Everything from the line that contains "Leather Case Stands" through the final line of the records below should be quoted exactly, except the pictures.

Task input section start

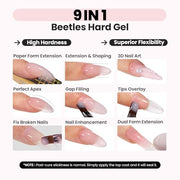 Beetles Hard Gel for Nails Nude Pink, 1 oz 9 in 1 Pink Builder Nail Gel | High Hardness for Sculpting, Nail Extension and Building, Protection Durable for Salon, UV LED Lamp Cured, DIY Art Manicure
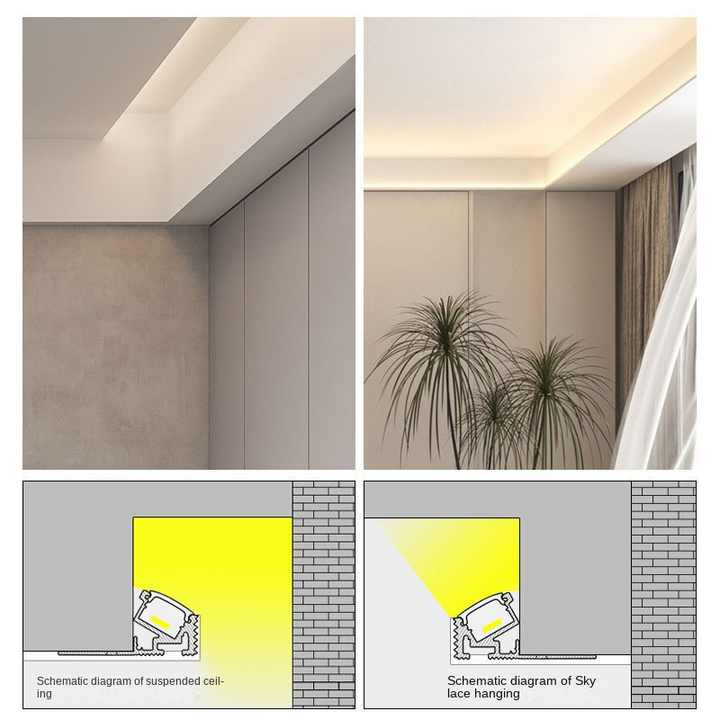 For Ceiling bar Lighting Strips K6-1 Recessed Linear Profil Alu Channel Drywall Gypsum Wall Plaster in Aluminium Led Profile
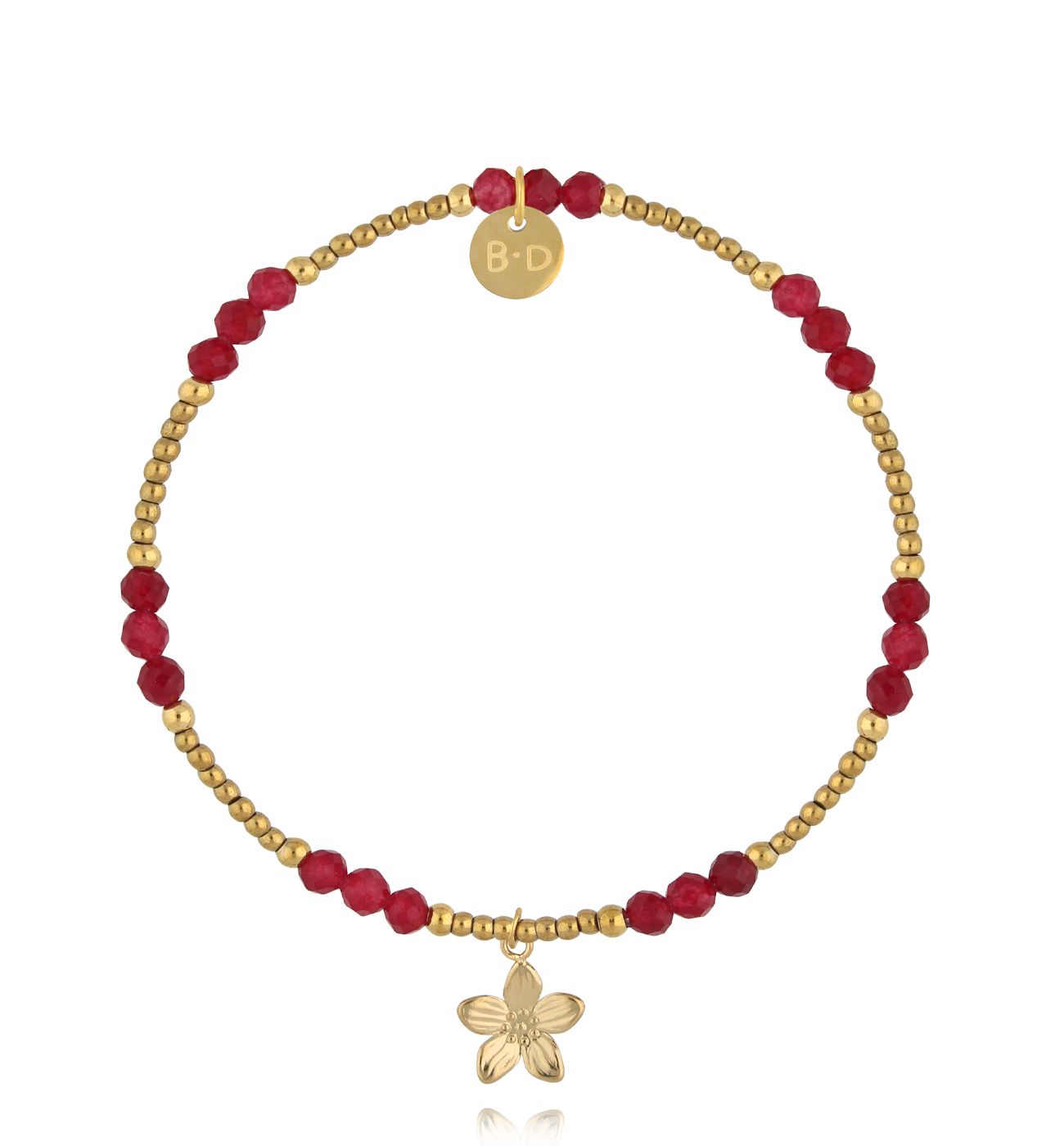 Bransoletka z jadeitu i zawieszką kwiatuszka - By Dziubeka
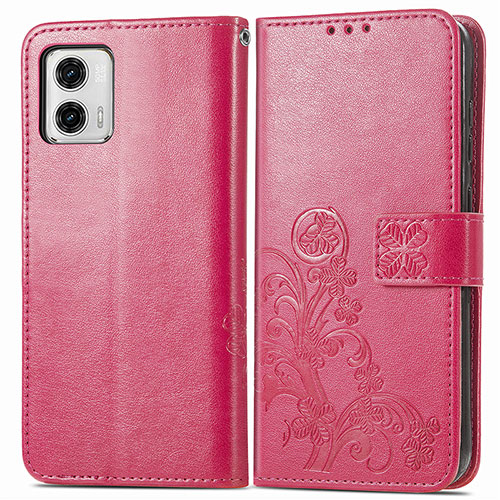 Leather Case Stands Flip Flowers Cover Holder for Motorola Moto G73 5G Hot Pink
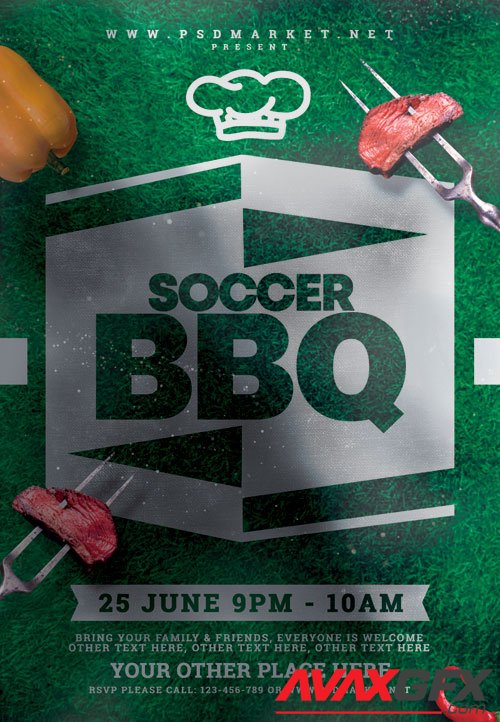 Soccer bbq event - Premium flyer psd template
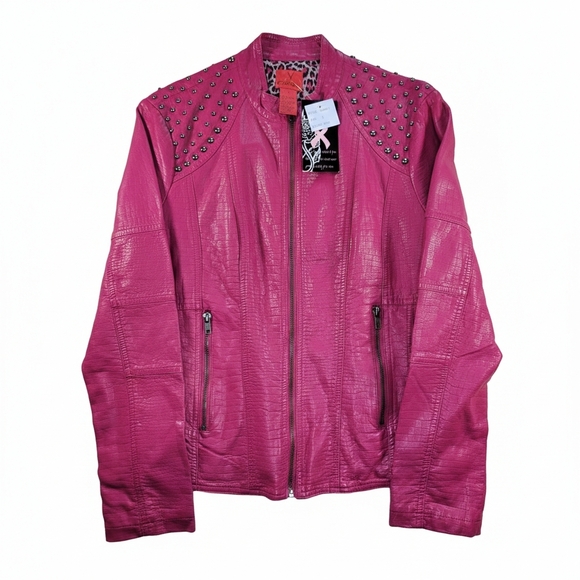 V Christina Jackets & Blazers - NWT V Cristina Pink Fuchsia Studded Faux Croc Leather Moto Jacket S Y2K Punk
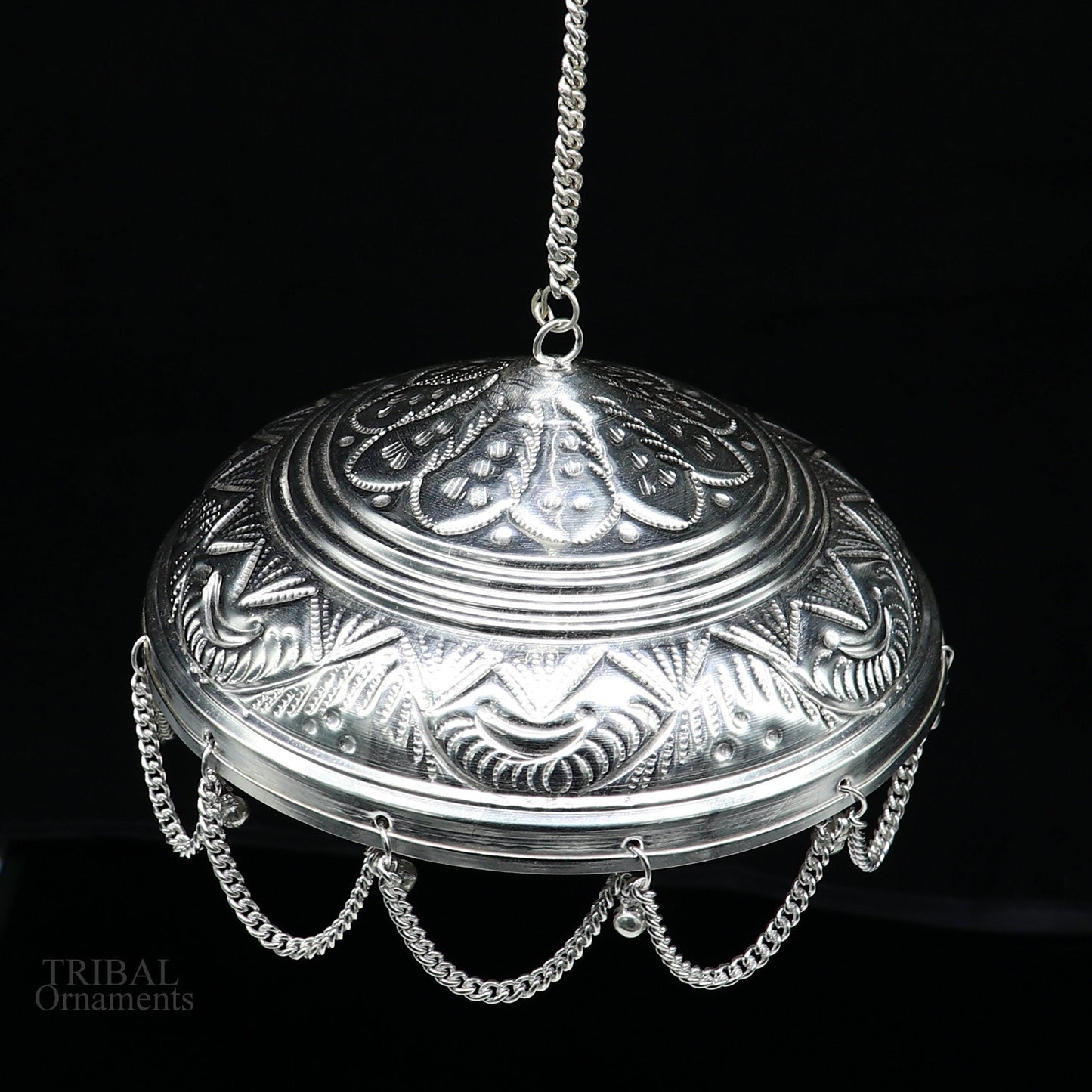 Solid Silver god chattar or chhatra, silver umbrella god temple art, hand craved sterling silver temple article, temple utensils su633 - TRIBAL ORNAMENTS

Task input section end

• **Result for this task**
 Leather Case Stands Flip Flowers Cover Holder for Motorola Moto G73 5G Hot Pink
 Soccer bbq event - Premium flyer psd template
 V Christina Jackets & Blazers - NWT V Cristina Pink Fuchsia Studded Faux Croc Leather Moto Jacket S Y2K Punk
 Solid Silver god chattar or chhatra, silver umbrella god temple art, hand craved sterling silver temple article, temple utensils su633 - TRIBAL ORNAMENTS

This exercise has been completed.